◆ Assigned task
Each line of the data below that holds the word "エクステリア" is to be reported in full.

--- START ---

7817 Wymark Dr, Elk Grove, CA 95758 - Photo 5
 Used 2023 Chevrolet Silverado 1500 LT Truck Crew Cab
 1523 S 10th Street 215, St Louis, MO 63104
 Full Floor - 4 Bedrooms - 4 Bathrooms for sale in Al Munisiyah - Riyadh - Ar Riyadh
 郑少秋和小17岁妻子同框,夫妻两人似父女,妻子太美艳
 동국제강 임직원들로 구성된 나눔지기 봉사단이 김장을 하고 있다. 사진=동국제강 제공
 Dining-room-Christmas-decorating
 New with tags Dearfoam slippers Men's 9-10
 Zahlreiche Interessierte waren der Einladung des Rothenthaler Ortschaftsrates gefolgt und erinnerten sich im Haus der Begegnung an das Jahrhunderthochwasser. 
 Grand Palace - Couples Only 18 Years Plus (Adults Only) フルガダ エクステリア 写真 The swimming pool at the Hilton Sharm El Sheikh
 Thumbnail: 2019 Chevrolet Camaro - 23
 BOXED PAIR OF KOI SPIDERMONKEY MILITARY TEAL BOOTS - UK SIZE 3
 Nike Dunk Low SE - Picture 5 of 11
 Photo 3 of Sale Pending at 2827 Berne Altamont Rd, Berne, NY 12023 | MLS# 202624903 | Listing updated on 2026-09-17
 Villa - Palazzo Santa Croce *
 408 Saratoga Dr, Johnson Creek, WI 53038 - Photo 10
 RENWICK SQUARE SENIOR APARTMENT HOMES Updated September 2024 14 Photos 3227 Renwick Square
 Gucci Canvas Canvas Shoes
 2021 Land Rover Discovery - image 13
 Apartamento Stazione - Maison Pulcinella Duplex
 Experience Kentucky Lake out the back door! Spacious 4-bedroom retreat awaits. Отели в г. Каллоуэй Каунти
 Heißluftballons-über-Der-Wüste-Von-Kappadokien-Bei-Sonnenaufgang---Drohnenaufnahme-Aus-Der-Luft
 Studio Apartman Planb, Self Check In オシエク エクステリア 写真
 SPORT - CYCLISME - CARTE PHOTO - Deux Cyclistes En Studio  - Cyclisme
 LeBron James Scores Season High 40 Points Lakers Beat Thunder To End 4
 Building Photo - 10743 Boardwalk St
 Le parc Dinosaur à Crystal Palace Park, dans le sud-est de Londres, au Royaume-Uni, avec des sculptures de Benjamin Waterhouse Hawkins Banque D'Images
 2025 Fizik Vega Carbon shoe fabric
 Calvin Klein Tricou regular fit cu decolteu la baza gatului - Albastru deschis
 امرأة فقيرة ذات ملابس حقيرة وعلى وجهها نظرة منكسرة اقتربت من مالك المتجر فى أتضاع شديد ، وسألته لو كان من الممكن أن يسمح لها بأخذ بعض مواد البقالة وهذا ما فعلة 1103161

--- END ---

◆ Exercise answer
 Grand Palace - Couples Only 18 Years Plus (Adults Only) フルガダ エクステリア 写真 The swimming pool at the Hilton Sharm El Sheikh
 Studio Apartman Planb, Self Check In オシエク エクステリア 写真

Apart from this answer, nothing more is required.